Would you restate the listing word for word, with the images omitted?

§ Data block
- - -
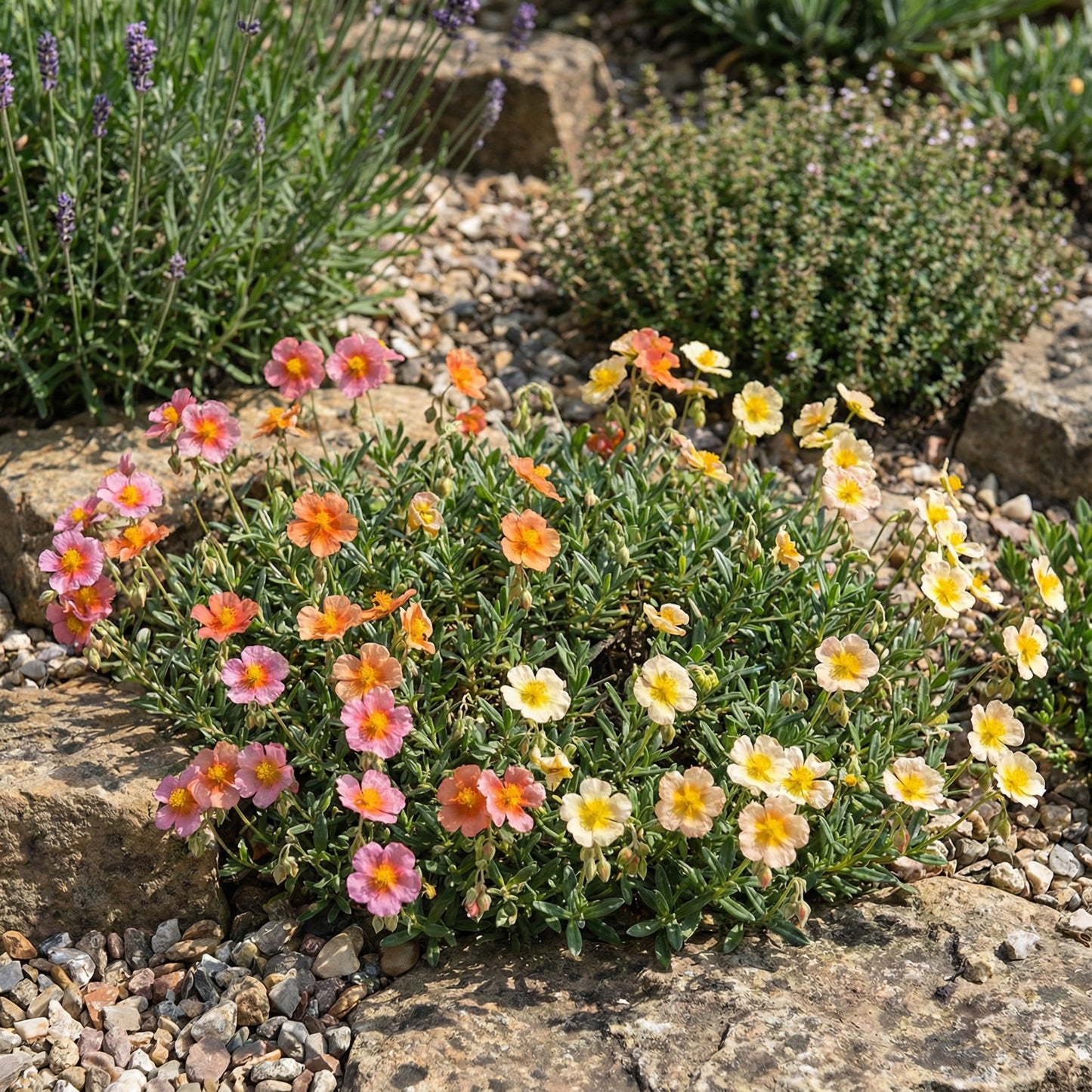 Mixed Helianthemum Mutabile Flower Planting Seeds Bright & Colorful Annuals for Your Garden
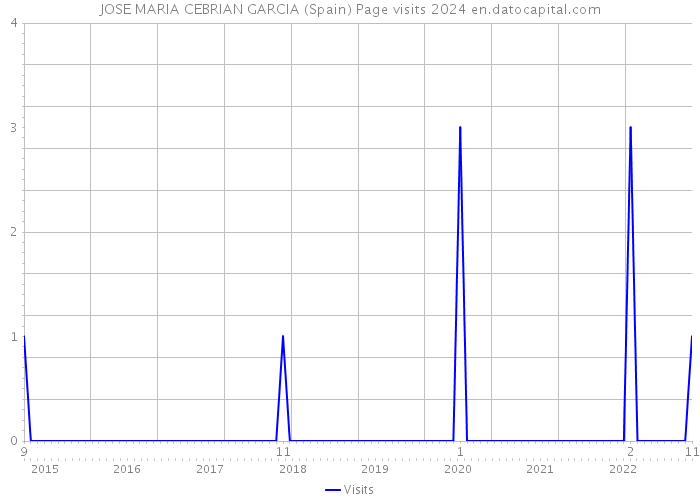 JOSE MARIA CEBRIAN GARCIA (Spain) Page visits 2024 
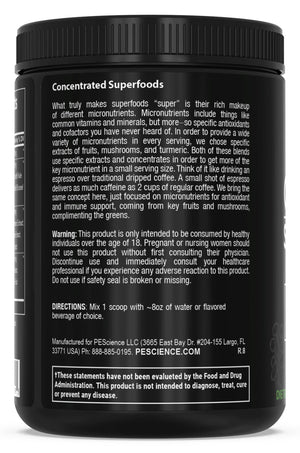 Pescience Greens & Superfoods - Flavored green powder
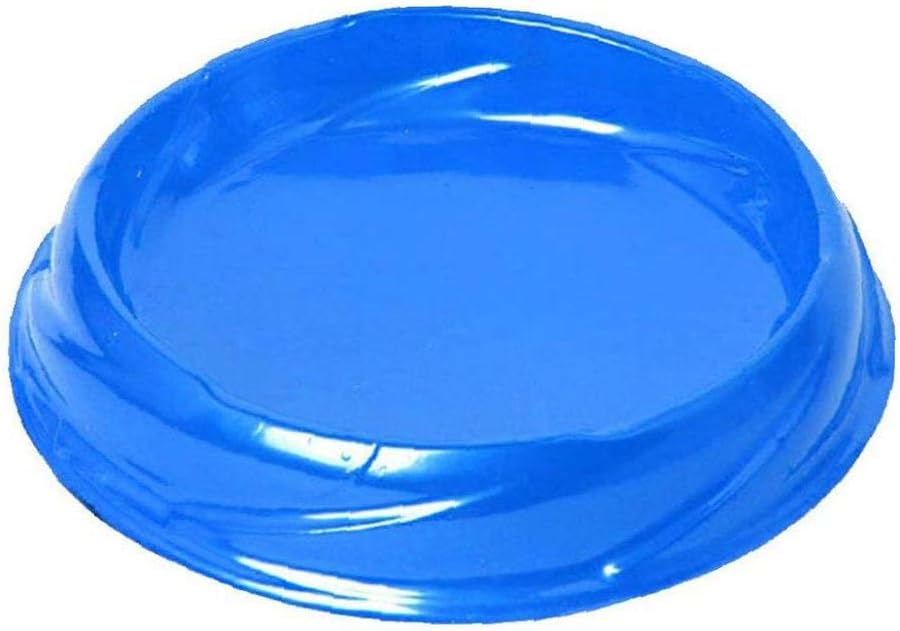 Pet Gyro Disk Stadium Battle Top Plate Combat Stadium Durable Gyro Attack Battle Top Plate Stadium Combat Bey Toy Blue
- - -
§ Result below
 Mixed Helianthemum Mutabile Flower Planting Seeds Bright & Colorful Annuals for Your Garden
 JOSE MARIA CEBRIAN GARCIA (Spain) Page visits 2024 
 Pescience Greens & Superfoods - Flavored green powder
 Pet Gyro Disk Stadium Battle Top Plate Combat Stadium Durable Gyro Attack Battle Top Plate Stadium Combat Bey Toy Blue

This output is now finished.